## Data supplied

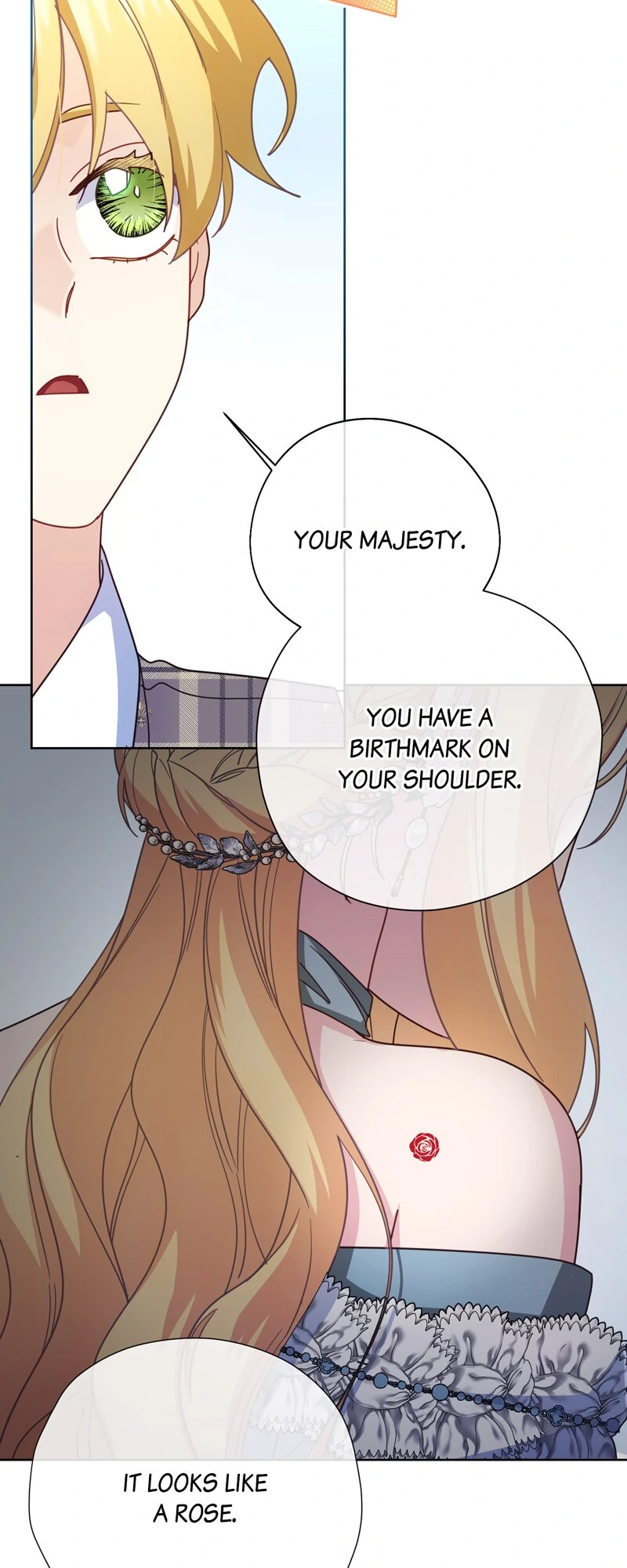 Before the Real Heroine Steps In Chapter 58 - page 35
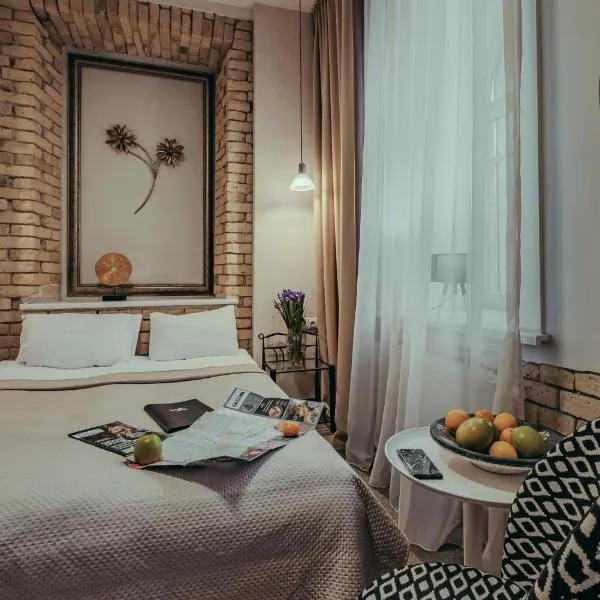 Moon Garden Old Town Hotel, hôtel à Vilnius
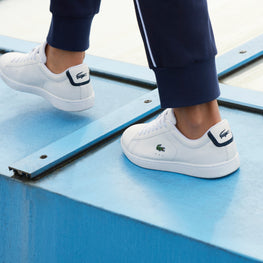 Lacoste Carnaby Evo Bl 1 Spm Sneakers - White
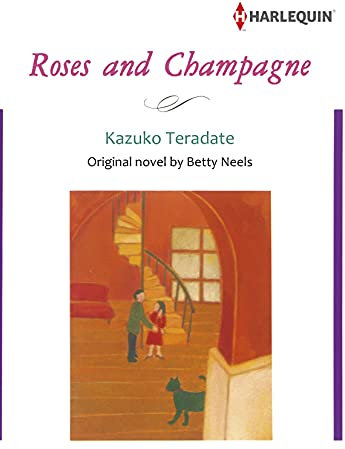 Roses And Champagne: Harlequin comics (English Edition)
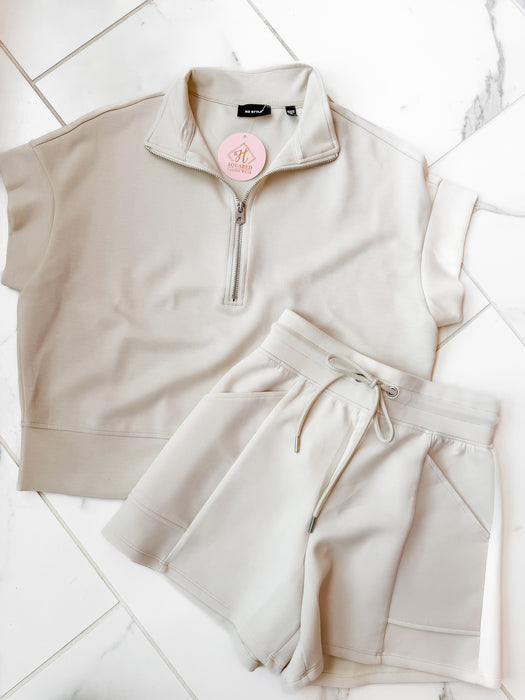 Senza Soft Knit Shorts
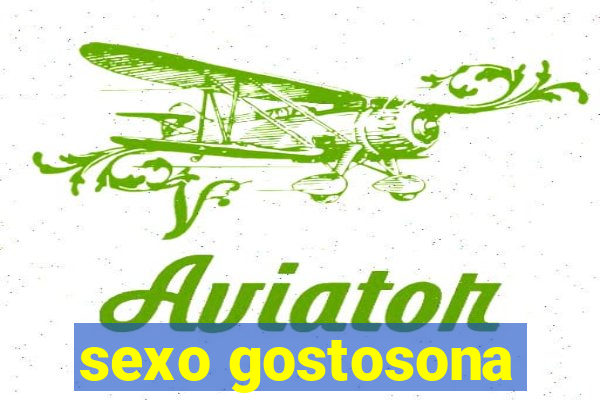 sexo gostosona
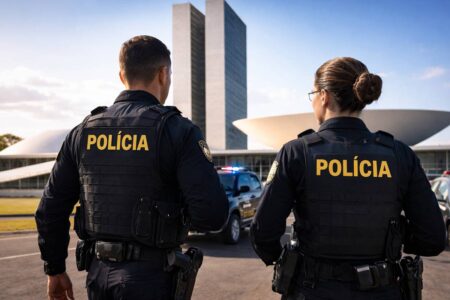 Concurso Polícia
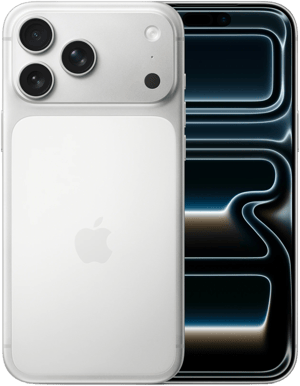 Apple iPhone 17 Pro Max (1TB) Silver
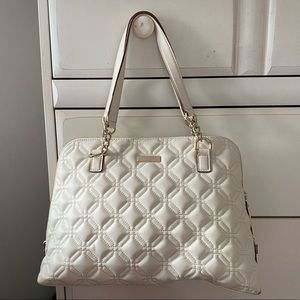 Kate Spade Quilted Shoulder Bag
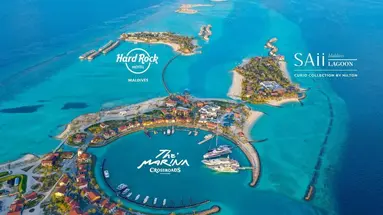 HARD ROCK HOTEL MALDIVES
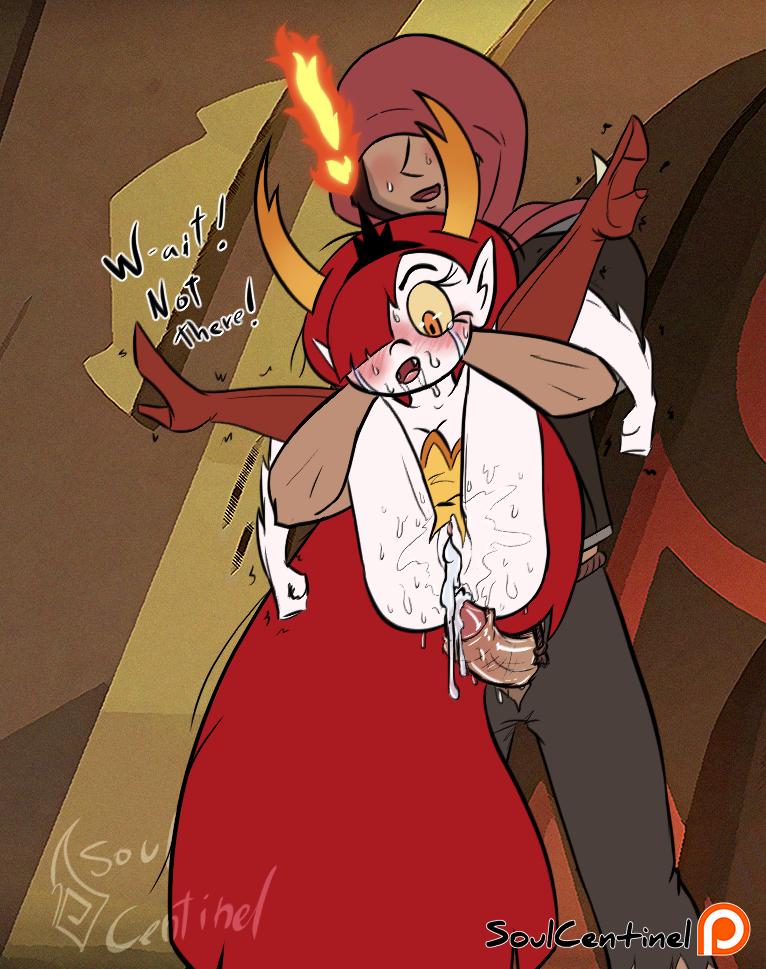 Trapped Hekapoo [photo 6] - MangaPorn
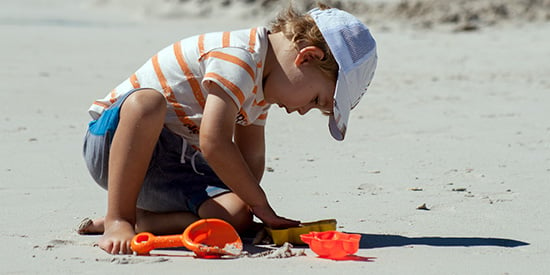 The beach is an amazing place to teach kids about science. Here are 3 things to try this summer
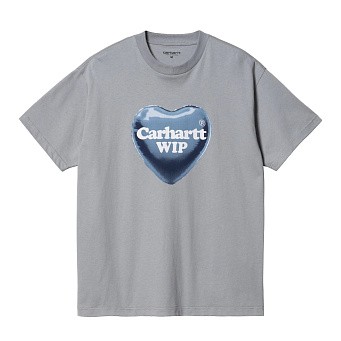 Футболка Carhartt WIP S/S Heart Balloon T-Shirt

## Work required
Restate each record from above word for word, excluding any picture it holds.

## Output of the task
 Before the Real Heroine Steps In Chapter 58 - page 35
 Moon Garden Old Town Hotel, hôtel à Vilnius
 Lacoste Carnaby Evo Bl 1 Spm Sneakers - White
 Roses And Champagne: Harlequin comics (English Edition)
 Senza Soft Knit Shorts
 sexo gostosona
 Concurso Polícia
 Apple iPhone 17 Pro Max (1TB) Silver
 Kate Spade Quilted Shoulder Bag
 HARD ROCK HOTEL MALDIVES
 Trapped Hekapoo [photo 6] - MangaPorn
 The beach is an amazing place to teach kids about science. Here are 3 things to try this summer
 Футболка Carhartt WIP S/S Heart Balloon T-Shirt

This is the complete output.